# Musicians with perfect pitch



## Gordontrek

Hello all,
I've become rather fascinated by the phenomenon of absolute pitch, its causes, how it develops, whether animals possess it, and if we are all born with it. Most of all, though, I've been researching the lives of great musicians today or from history to see if they were known to possess the ability. 
I am planning to do an academic paper on perfect pitch at some point, possibly for a writing competition or a graduate thesis if I make it that far; it never hurts to think ahead! I've compiled a list of all the musicians that I could find - composers, conductors, individual performers, etc - who were known to possess or not possess the ability; at the very least, I've tried to find as much information as I can regarding the most popular musicians today and from history. 
I've attached a list of musicians, and whether they were known to possess absolute pitch. I was hoping you could look over it and give me your thoughts. If you see something that is in error, or you can help me with musicians that I couldn't find any info for, I would be eternally grateful! If you have information about a musician not listed I would greatly appreciate that as well.
Thanks!
View attachment perfect pitch.docx


----------



## Mahlerian

I'm pretty sure Schoenberg did have perfect pitch, and your citation for him doesn't say anything either way. He would say things like "any musician playing a C in a transposing instrument must realize that they're actually playing a B-flat."

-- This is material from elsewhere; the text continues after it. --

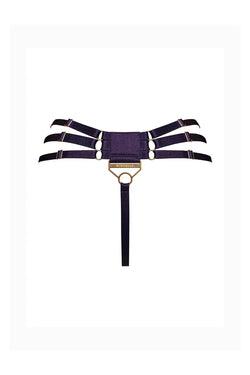 Bordelle | Retta Multi-Strap Thong Deep Purple, alternative view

Also, if you're including those who "demonstrated perfect pitch from an early age" under Yes, wouldn't Mahler fit as well, even though it degraded later in life? He still had an extremely sensitive ear, one which could pick up on and isolate phantom tones produced by resonances in a hall.


----------



## Gordontrek

Mahlerian said:


> Also, if you're including those who "demonstrated perfect pitch from an early age" under Yes, wouldn't Mahler fit as well, even though it degraded later in life? He still had an extremely sensitive ear, one which could pick up on and isolate phantom tones produced by resonances in a hall.


I considered that. For a lot of the musicians who demonstrated the ability early on, there was no indication that they ever lost it. That is why I kept them under "Yes," because the implication is that they still have/had it later in life, otherwise it might have been mentioned that the ability was lost or not mentioned at all. I put Mahler under "no" because sources explicitly stated that the ability had left him as a mature adult.


----------



## Chordalrock

The correct term is absolute pitch, contrasted with relative pitch (relative-absolute are opposites; relative-perfect have nothing to do with one another).

As I understand, the ability doesn't really have much to do with "sensitive ear", but is simply about pitch memory: some people with absolute pitch may not be able to tell if a tone is slightly out of tune, they will simply recognise all nearby pitches as a certain note because they're "close enough" and trigger their pitch memory, while some people may be bothered by anything that is ever so slightly out of tune regardless of whether they can identify an isolated tone.


----------



## Merl

Billy Joel supposedly has 'perfect pitch'. That's why he composed such masterpieces as 'Uptown Girl'.


----------



## GreenMamba

Merl said:


> Billy Joel supposedly has 'perfect pitch'. That's why he composed such masterpieces as 'Uptown Girl'.


He has synesthesia, not perfect pitch.

Nicolas Slominsky had perfect pitch.


----------